Healers and Wholeness

Since last Monday, I have been grappling with a pinched nerve in my neck. I have pulled muscles before, even in my neck, but this experience has taken “pain in my neck” to a whole new level that I have never experienced before. Now, if I ever call anyone a “pain in the neck”, it will be possibly one of the worst things which I could ever call a person.

In the beginning of this pinched nerve mess, I started out thinking that I could just stretch my neck out, with some light exercises. This plan, instead, took things to a whole new level of miserable and excruciating. I then assumed that a day at the beach, vacillating between hot sand and cold water would do the trick, all the while downing Aleve and Advil like candy. That ended up being a sand-filled, “how am I even going to get up and out, from this beach chair?” disaster that sent me to an Urgent Care the very next morning. In conjunction with my doctor’s orders, I got prescription strength Aleve and Advil, and I rested on the couch, all this entire past weekend, watching an entire season of “Love Island”, and other stupid, mind-numbing shows, on the couch, with the kind, cuddling company of my daughter. (They say that love and laughter is the best medicine.) While this was peaceful and enjoyable, by Sunday, my restless self was still in a great deal of pain, and so I caved to starting steroids.

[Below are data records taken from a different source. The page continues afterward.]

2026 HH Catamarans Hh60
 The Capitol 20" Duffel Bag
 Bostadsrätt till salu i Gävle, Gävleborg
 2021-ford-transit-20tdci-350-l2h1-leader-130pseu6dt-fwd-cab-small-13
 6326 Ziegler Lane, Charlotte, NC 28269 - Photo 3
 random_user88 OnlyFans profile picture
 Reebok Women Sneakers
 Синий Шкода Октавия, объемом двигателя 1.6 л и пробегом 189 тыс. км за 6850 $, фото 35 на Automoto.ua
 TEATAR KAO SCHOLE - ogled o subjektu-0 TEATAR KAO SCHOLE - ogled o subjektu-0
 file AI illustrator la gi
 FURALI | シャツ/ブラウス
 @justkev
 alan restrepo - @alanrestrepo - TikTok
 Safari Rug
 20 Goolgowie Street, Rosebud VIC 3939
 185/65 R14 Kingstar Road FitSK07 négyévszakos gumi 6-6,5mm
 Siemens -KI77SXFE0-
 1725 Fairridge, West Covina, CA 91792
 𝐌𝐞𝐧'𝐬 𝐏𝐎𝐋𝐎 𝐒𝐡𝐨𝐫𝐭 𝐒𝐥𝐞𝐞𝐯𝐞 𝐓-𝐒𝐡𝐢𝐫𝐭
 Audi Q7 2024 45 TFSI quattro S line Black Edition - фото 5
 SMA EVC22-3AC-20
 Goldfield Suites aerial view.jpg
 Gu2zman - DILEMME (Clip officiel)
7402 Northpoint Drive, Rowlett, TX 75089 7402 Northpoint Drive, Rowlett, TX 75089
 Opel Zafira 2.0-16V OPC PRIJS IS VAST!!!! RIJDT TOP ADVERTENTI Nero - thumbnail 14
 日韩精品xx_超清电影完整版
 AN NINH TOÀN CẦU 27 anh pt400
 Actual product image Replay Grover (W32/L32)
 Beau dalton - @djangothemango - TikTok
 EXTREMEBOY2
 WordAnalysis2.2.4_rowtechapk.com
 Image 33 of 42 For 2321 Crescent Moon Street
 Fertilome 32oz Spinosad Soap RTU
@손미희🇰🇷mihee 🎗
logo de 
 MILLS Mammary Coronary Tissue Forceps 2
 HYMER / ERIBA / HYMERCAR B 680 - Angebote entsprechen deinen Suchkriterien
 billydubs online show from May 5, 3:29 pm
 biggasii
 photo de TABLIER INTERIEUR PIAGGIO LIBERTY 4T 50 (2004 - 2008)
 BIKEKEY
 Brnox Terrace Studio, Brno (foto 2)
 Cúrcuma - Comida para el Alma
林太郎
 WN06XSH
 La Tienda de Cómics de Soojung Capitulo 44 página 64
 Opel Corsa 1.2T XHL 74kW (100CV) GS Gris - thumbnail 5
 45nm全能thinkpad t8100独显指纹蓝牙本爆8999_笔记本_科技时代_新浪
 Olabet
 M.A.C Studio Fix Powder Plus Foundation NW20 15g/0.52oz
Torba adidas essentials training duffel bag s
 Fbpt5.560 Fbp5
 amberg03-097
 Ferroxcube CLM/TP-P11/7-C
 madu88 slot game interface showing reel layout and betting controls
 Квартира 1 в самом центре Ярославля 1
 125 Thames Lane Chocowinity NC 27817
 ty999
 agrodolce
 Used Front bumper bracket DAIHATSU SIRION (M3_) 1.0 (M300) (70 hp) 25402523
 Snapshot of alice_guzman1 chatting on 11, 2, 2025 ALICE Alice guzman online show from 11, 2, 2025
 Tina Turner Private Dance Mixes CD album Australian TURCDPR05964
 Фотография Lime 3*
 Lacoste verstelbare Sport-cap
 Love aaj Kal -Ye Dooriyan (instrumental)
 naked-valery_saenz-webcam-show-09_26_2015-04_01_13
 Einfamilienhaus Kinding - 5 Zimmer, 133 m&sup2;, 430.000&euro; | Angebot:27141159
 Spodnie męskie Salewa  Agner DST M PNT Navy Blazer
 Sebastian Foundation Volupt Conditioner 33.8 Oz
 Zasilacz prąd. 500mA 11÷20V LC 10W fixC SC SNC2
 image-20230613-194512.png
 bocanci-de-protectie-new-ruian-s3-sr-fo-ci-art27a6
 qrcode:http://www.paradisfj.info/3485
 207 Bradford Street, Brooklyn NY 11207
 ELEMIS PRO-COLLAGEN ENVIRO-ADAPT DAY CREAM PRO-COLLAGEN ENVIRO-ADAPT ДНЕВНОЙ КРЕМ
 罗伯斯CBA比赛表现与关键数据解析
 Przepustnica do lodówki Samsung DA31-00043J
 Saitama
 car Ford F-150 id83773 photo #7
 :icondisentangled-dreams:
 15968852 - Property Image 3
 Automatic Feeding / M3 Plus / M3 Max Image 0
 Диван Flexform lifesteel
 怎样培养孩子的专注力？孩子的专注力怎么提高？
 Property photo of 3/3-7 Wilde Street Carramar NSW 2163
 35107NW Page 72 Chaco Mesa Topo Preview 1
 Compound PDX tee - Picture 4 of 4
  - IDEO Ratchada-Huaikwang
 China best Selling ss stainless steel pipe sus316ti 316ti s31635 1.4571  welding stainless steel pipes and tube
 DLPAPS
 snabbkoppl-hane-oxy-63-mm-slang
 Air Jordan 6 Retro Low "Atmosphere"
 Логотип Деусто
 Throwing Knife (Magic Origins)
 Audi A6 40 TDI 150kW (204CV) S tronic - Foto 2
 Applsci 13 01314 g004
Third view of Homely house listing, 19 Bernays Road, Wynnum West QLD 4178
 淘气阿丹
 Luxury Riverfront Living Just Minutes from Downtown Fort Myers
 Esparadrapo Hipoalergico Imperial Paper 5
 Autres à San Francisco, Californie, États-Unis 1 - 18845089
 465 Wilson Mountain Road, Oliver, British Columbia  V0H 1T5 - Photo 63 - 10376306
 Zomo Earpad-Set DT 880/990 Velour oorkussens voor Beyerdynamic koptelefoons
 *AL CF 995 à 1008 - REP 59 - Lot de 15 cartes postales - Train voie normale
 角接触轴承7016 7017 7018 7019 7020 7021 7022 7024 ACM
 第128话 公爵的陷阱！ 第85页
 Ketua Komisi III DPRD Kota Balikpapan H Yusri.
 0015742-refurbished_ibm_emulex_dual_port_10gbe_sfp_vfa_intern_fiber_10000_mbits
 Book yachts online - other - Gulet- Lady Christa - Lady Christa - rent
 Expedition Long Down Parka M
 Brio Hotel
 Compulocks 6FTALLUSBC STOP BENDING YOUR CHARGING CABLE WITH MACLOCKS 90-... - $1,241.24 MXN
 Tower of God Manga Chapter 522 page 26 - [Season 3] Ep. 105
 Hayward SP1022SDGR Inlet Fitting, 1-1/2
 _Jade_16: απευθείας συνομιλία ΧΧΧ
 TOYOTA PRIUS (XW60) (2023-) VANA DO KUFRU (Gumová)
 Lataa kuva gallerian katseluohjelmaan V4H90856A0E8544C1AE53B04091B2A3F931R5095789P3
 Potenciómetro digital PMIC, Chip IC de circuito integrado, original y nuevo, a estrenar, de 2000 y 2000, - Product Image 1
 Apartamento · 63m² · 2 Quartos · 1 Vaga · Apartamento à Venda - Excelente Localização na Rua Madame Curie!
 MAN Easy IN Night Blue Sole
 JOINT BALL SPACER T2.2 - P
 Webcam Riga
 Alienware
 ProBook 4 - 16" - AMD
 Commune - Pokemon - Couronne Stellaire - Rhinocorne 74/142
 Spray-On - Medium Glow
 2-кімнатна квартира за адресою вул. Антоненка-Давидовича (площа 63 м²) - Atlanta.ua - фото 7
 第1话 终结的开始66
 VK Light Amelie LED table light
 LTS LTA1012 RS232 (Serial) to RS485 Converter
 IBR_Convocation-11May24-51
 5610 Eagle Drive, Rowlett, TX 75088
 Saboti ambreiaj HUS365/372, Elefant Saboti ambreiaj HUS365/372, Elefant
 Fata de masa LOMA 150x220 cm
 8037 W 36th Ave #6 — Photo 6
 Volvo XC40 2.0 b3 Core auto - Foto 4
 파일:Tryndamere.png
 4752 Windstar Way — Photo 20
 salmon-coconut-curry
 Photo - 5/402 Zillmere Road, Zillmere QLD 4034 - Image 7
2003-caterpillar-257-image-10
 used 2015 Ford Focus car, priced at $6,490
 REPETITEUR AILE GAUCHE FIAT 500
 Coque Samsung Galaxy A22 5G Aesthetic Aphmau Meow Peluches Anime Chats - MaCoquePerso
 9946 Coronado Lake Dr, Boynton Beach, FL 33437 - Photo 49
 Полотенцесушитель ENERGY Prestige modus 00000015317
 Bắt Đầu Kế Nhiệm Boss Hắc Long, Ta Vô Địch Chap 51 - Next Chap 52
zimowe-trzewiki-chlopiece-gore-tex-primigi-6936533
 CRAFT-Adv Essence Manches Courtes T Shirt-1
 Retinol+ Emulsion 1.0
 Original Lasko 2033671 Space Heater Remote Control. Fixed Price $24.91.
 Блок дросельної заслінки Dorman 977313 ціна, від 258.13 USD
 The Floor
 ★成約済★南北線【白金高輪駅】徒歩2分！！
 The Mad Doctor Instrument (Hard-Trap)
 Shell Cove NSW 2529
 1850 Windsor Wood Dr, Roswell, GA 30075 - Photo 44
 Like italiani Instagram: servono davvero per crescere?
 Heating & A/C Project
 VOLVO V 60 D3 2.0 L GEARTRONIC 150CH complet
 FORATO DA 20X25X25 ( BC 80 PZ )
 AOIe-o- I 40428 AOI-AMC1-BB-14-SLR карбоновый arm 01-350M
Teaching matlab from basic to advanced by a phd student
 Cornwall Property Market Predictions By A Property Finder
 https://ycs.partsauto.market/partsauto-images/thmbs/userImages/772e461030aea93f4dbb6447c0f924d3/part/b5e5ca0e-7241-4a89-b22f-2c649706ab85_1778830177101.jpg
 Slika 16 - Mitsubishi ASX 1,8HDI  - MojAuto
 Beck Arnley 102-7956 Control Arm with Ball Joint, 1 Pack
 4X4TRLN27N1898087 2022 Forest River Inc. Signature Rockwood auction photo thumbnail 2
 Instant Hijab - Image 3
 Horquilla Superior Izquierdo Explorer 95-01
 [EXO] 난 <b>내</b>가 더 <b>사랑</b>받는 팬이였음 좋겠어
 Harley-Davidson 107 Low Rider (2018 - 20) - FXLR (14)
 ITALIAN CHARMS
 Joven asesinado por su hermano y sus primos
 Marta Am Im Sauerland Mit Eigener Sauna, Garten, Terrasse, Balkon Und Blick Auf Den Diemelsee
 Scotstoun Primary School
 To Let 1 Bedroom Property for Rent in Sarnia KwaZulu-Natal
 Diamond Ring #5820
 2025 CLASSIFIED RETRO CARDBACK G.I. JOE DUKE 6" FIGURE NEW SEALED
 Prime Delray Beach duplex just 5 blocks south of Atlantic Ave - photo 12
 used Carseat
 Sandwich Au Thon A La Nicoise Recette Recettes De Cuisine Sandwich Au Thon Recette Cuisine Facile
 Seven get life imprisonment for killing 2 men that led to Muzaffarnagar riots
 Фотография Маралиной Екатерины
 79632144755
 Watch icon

Since this pinch nerve situation happened last Monday (and I am still not even sure how it happened!) I dreaded every single night (as did my husband), because until last night, I could not find one comfortable position to prop myself up into, in order to fall to sleep. For a week and a half, it took me a good 45 minutes to an hour, until I reached utter exhaustion, to finally fall asleep in a strange contortion of me being twisted in tandem with a heating pad and a mountain of pillows. I looked like a living Picasso painting.

But then, yesterday, I remembered that a wonderful acupuncturist had cured a pesky eye twitch of mine in just a couple of sessions, a few years back, and I thought that it couldn’t hurt to see what she might have to say/do on the matter of my neck. And last night, after a few needles and ear seeds later, I had the best night of sleep I’ve had, since this whole fiasco started. My arm and thumb still feels a little numb (in case you’ve never experienced it, and I hope that you never have to, pinched nerves in your neck radiate through your entire shoulder and down through your arm all the way to your fingers and thumb), but the pain is gone. I have one more session today, and my acupuncturist is confident that I will feel better by the weekend. She didn’t “tsk tsk” me for going to Western medicine first, and using her as a last resort. In fact, she told me to continue following their orders, too. “We will work in tandem,” she said, “to get you better.”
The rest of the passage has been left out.